The following is taken from the excellent handbook issued by the Emigrants' Information Office.

The rate of wages in the towns is roughly as follows, in the country districts slightly lower:—

1. Without board and lodging—per day:

Bakers  8s. to 10s.
Blacksmiths  8s. " 10s.
Boatbuilders  8s. " 10s.
Brewers  6s. " 8s.
Carpenters  8s. " 10s.
Coachbuilders  7s. " 10s.
Gardeners  5s. 6d. to 6s.
General Labourers  5s. to 7s.
Masons and Bricklayers  8s. " 11s.
Miners 10s. " 12s.
Navvies  6s. " 8s.
Painters  6s. " 8s.
Plasterers  8s. " 10s.
Plumbers  7s. " 9s.
Printers  6s. " 10s.
Saddlers  7s. to 10s.
Sawyers and Lumbermen  6s. " 10s.
Shipwrights  10s.
Shoemakers  By piece work, average 6s. to 9s. a day.
Tailors
Tanners and Curriers  6s.
Tinsmiths  8s.
Tobacco Factory Operative  Piece work average £3 a week.
Wharf Labourers  6s. to 7s.
Wheelwrights  9s. " 10s.


2. With board and lodging:

a. Per month:

Housemaids and General Female Servants, 30s. to 40s.; Cooks, 30s. to 50s.

Farm Labourers, Ploughmen, and Station Hands, 40s. to 80s.

b. Per year:

Shepherds, Stockriders, generally useful men on stations, £30 to £45. Married couples, servants on farms and stations, £50 to £70.
3. At the goldfields in the Kimberley Division Gardeners get £2 a week; Saddlers and Gold-miners, £4; Wheelwrights and Butchers, £5; Blacksmiths, Farriers, Joiners, and Car­penters, £5 to £6; Engineers, £8; and General Labourers, £4. Female Servants get £6 to £10 a month, and found (no demand, Chinamen being used).

Note.—Farm labourers are usually boarded and lodged; and single men preferred to married men with families. A high rate of wages does not necessarily imply a demand for labour. Navvies work eight hours a day, most other trades nine hours; a few, 10; farm hands, sunrise to sunset in the season. There is a good demand generally for female servants, milliners, and dressmakers. There is a good opening for market gardeners, fruit growers, and farmers, with £150 and upwards, but they should get experience of colonial farming before taking up land.
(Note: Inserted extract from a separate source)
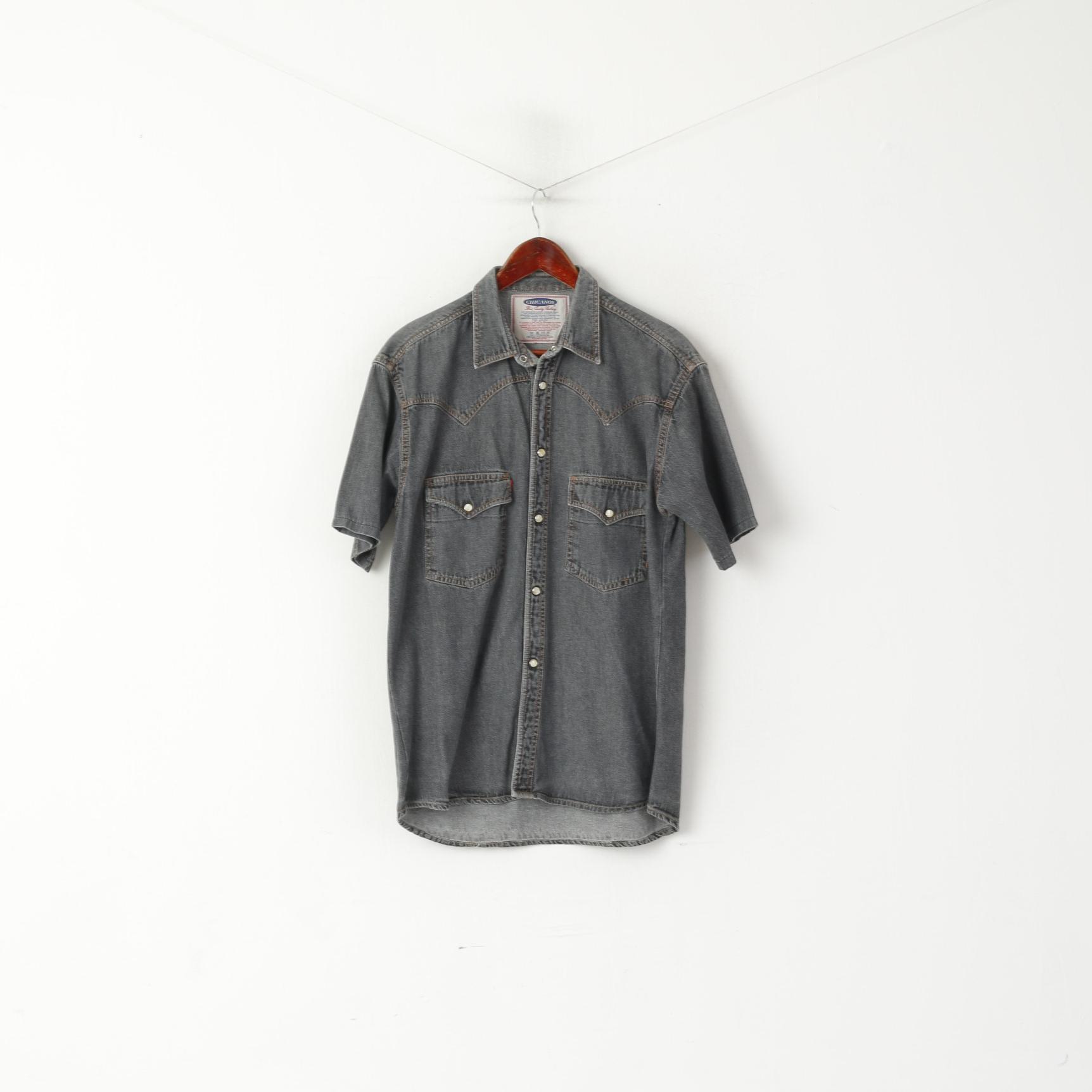 Chicanos Hommes M Chemise décontractée Gris Denim Jeans Vintage Snap Western Haut en coton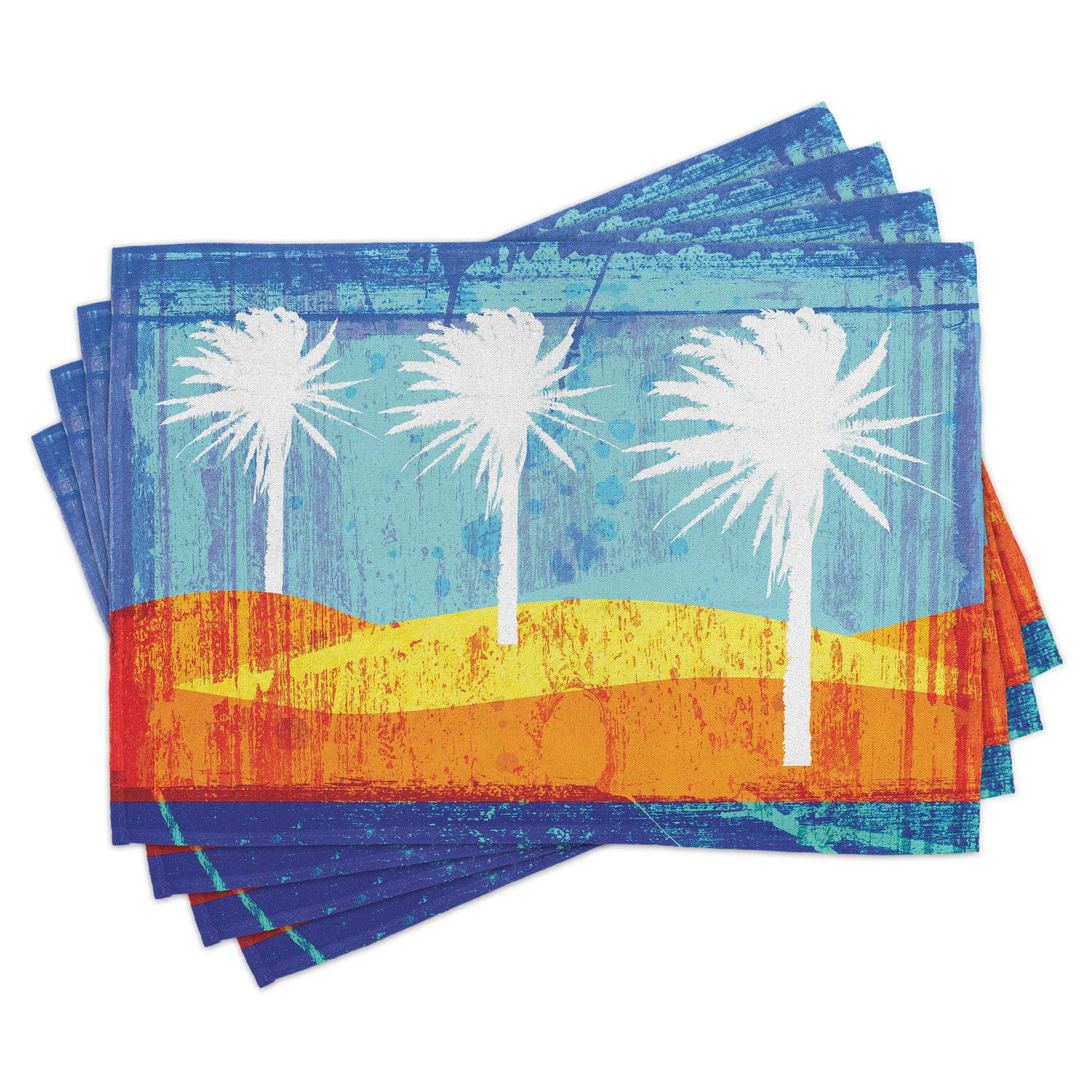 Ambesonne 4-Piece Burnt Orange Placemats Set - Modern Tropical Beach with Palm Trees Design, Washable Fabric Place Mats for Dining Table, Kitchen Decor in Orange, Blue & White | Perfect for Indoor & Outdoor Dining, Parties, and Home Decor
In a few agricultural parts there is a fair demand for farm hands at £2 to £4 a month and board, but employment is not always permanent, and in the Kim­berley Division there is no demand. In any case they should be prepared to turn their hands to all kinds of farm and station work, or to cut down timber, or to use a pick and shovel, and to rough it in the bush and country districts. There is a. moderate demand only for mechanics, chiefly for those in the building trades. Gold­ miners may do well in mining districts, but the journeys are gene­rally expensive, and the life is rough.